### [Supplied records]
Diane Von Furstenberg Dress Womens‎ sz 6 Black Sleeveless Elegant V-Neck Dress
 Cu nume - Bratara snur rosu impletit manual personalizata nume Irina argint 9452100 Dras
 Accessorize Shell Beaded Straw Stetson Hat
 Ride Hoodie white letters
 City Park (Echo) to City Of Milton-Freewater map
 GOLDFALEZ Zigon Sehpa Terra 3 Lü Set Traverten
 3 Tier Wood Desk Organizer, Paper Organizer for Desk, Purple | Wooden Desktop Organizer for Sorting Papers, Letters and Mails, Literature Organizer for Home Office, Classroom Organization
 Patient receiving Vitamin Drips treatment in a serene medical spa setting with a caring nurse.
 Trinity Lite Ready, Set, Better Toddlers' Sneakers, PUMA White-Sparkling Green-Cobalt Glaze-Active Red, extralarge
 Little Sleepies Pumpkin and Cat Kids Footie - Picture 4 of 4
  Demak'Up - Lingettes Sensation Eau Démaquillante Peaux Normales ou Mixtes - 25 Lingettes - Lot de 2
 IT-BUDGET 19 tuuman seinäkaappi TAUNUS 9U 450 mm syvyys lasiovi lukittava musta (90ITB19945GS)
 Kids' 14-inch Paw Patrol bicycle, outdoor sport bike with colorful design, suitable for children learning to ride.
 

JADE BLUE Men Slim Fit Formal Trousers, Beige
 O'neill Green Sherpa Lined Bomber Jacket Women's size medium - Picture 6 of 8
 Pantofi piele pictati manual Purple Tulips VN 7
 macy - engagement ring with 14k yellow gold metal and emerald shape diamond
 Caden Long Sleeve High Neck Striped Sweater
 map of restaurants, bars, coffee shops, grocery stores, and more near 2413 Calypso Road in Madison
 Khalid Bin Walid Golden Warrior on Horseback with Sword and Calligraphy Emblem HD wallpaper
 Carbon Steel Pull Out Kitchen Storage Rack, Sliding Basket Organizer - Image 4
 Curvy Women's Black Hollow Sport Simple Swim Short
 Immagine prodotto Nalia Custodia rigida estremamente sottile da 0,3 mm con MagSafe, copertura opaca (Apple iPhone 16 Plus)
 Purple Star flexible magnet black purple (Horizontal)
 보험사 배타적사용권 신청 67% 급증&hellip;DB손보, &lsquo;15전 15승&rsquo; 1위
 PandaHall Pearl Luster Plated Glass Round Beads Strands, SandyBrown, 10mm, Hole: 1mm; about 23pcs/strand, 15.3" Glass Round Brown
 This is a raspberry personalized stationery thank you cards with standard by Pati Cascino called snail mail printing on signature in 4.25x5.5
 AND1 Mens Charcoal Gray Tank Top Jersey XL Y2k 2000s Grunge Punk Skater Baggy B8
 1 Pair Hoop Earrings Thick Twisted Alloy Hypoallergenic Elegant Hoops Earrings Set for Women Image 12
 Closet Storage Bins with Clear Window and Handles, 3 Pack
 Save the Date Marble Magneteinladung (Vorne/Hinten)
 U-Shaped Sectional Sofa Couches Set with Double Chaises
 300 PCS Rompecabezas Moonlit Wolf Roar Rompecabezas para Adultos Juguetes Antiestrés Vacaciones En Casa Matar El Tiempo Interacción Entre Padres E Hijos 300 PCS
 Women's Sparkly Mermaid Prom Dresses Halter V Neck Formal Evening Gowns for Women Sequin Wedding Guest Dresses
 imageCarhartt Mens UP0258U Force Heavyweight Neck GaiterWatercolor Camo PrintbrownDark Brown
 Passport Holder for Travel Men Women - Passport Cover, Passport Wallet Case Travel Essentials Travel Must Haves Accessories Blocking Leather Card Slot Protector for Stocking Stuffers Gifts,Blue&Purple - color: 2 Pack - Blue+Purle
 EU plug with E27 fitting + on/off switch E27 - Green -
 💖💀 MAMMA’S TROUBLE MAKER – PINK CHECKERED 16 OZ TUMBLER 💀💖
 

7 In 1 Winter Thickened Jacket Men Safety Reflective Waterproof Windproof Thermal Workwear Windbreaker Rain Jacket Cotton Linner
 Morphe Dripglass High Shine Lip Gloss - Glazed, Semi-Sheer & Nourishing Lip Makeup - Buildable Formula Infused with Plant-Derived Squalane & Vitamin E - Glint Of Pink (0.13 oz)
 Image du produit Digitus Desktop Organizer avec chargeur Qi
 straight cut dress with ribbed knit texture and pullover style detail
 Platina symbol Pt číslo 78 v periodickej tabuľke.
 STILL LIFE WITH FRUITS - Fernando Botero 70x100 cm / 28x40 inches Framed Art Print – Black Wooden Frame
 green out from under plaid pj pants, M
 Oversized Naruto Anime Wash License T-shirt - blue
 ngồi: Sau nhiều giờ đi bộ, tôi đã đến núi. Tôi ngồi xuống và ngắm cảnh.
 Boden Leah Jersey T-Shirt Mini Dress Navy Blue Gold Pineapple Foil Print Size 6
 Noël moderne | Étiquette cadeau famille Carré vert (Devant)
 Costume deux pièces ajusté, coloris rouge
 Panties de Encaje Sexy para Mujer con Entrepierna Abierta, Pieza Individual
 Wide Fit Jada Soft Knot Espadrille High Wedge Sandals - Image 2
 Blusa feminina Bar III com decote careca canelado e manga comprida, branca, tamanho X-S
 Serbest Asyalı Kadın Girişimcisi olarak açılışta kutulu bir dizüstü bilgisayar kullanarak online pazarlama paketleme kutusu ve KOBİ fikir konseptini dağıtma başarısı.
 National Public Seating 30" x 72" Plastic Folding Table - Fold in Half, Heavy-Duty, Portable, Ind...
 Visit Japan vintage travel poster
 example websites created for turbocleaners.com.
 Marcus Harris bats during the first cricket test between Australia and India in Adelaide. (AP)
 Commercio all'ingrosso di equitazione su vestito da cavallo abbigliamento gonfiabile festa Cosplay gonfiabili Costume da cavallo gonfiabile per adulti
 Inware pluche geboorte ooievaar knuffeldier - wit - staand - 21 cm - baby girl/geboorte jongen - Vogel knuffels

### [Action item]
Copy each line in the data that holds the word "Vitamin".

### [Final answer]
 Patient receiving Vitamin Drips treatment in a serene medical spa setting with a caring nurse.
 Morphe Dripglass High Shine Lip Gloss - Glazed, Semi-Sheer & Nourishing Lip Makeup - Buildable Formula Infused with Plant-Derived Squalane & Vitamin E - Glint Of Pink (0.13 oz)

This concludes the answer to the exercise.